Task item —
Set down every entry word for word. Omit the pictures.

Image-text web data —
⁂

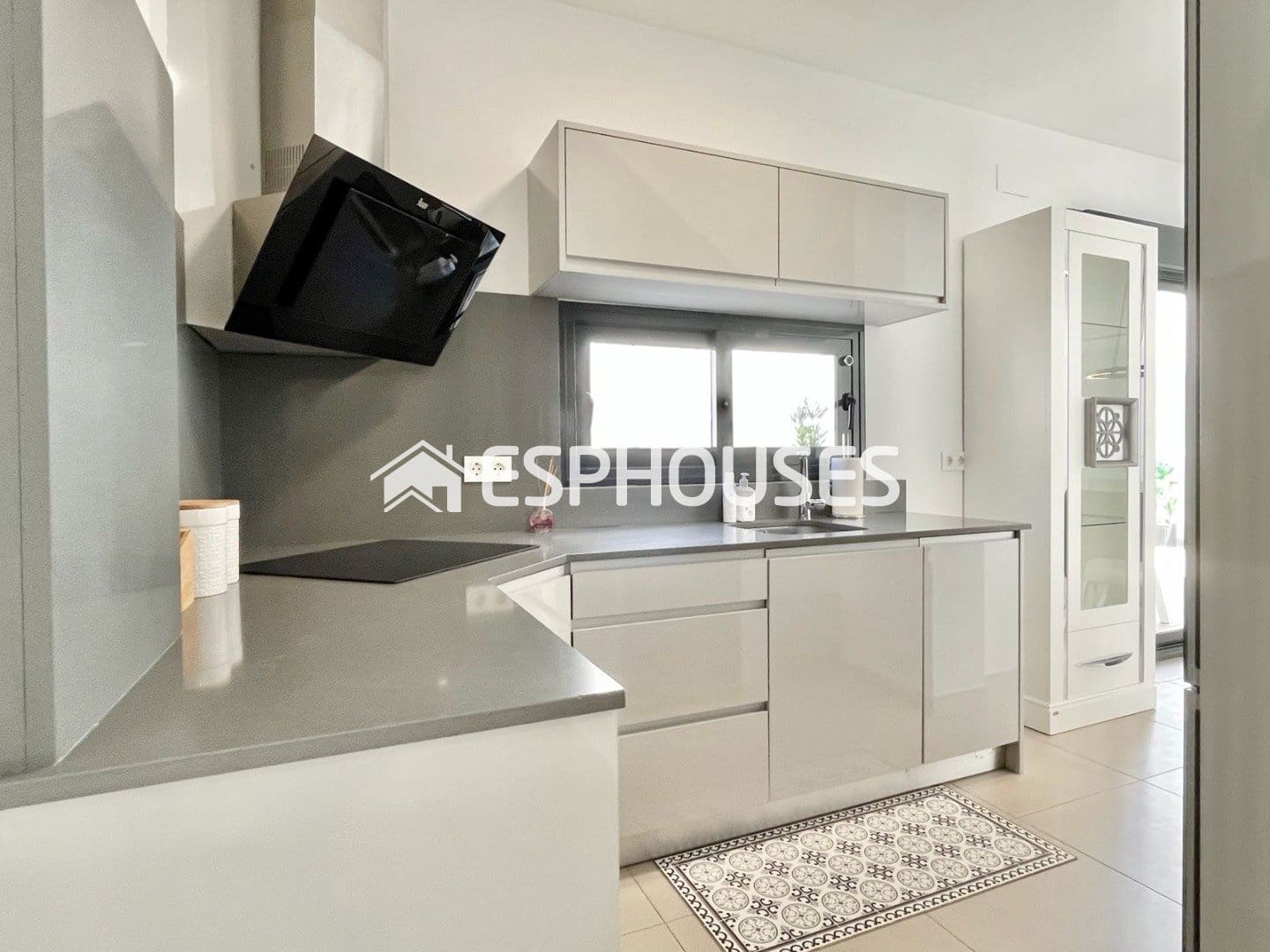3 bedroom Villa for sale in Guardamar del Segura with pool garage - € 529,000 (Ref: 9873763)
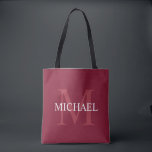 Tote Bag Monogramme et nom personnalisé Bourgogne rouge<br><div class="desc">Le Monogramme personnalisé et le cadeau de nom comprend le nom personnalisé en blanc et monogramme en rouge bordeaux clair comme arrière - plan, dans le style de police serif classique, sur arrière - plan rouge bordeaux. Parfait comme cadeau de vacances, faveurs de réunion familiale, merci cadeau pour les groomsmen...</div>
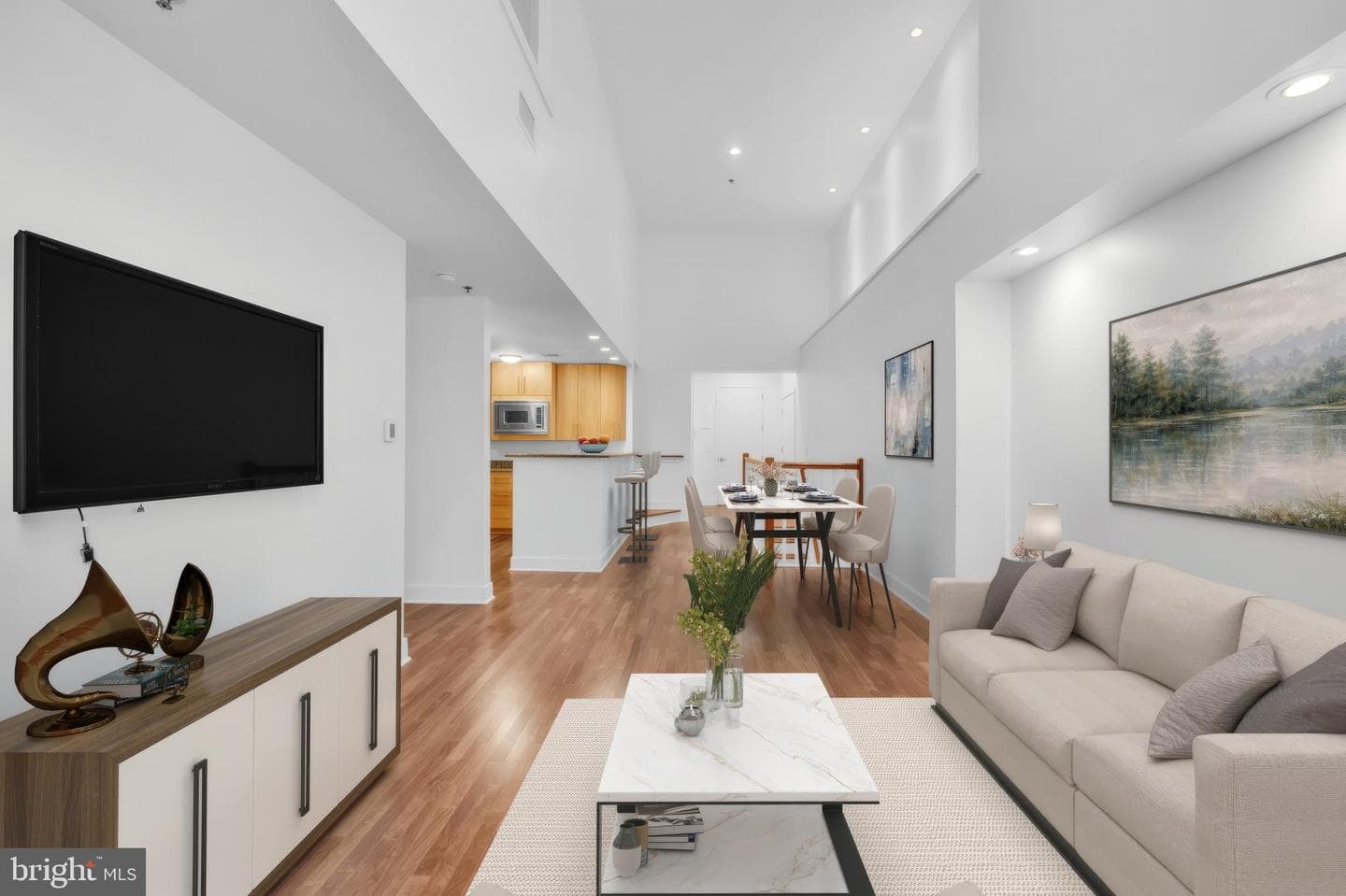 300 N 3rd Street #102, Philadelphia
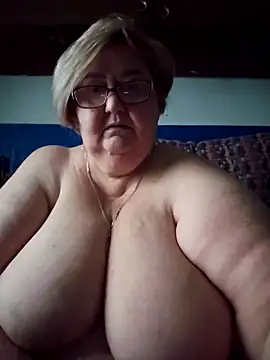 Awn290668 online show from 09/23/25, 05:10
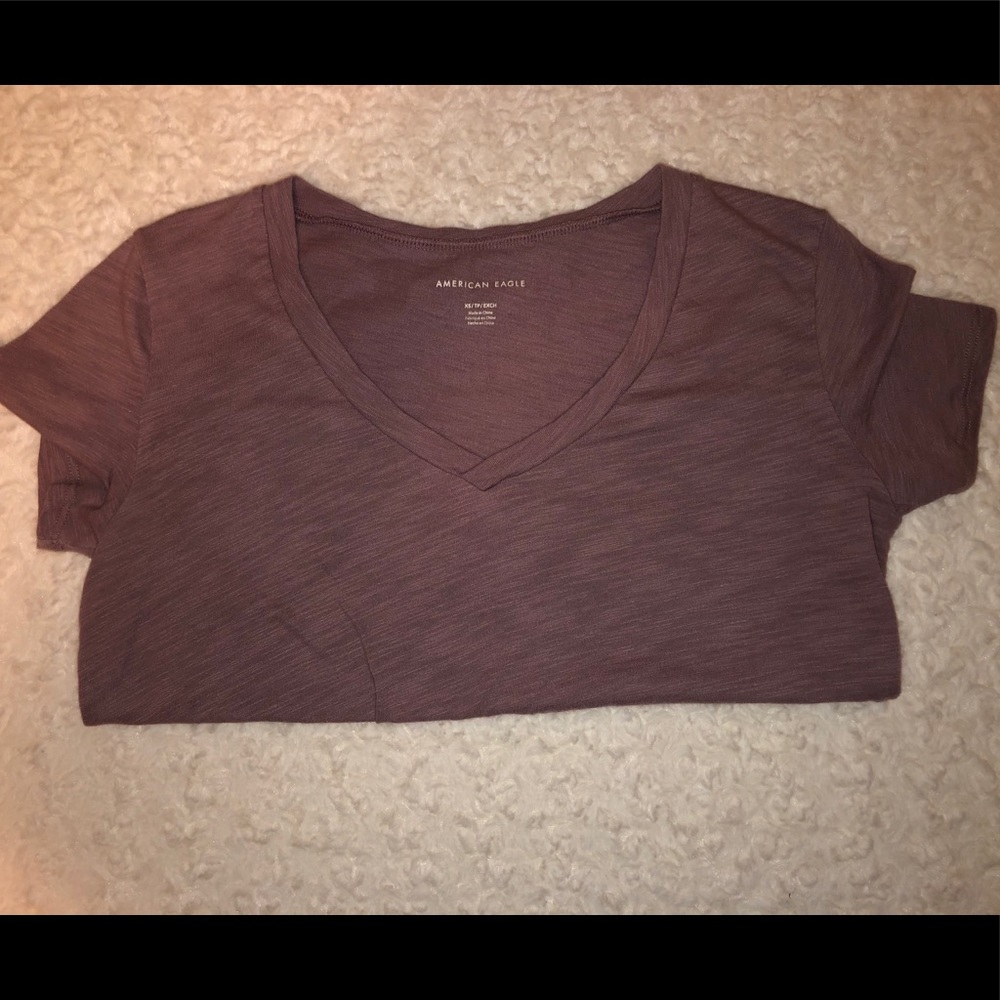 AMERICAN EAGLE: v-neck short sleeve t-shirt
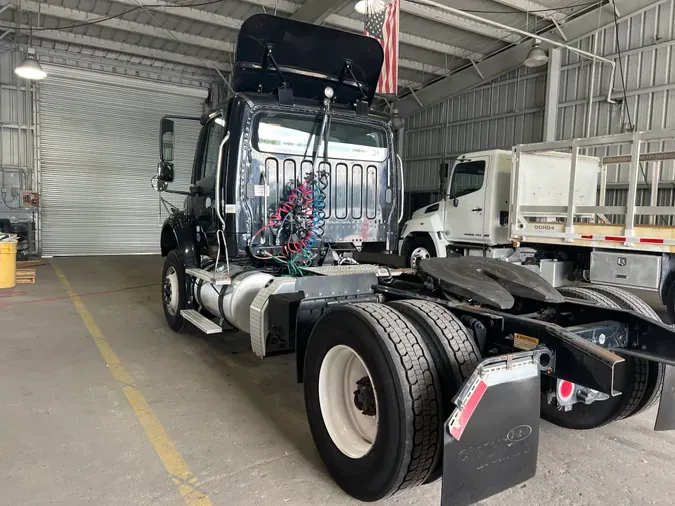 2017 FREIGHTLINER/MERCEDES M2 106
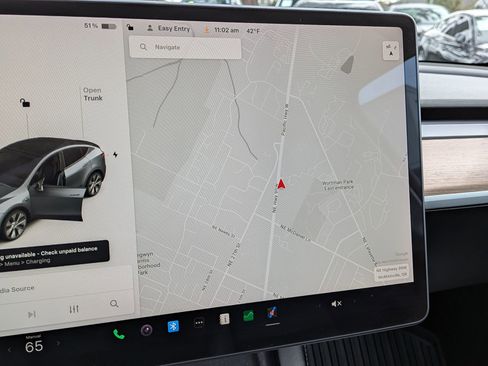 Used 2021 Tesla Model Y Long Range image 17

⁂

Answer for this exercise —
3 bedroom Villa for sale in Guardamar del Segura with pool garage - € 529,000 (Ref: 9873763)
 Tote Bag Monogramme et nom personnalisé Bourgogne rouge<br><div class="desc">Le Monogramme personnalisé et le cadeau de nom comprend le nom personnalisé en blanc et monogramme en rouge bordeaux clair comme arrière - plan, dans le style de police serif classique, sur arrière - plan rouge bordeaux. Parfait comme cadeau de vacances, faveurs de réunion familiale, merci cadeau pour les groomsmen...</div>
 300 N 3rd Street #102, Philadelphia
 Awn290668 online show from 09/23/25, 05:10
 AMERICAN EAGLE: v-neck short sleeve t-shirt
 2017 FREIGHTLINER/MERCEDES M2 106
 Used 2021 Tesla Model Y Long Range image 17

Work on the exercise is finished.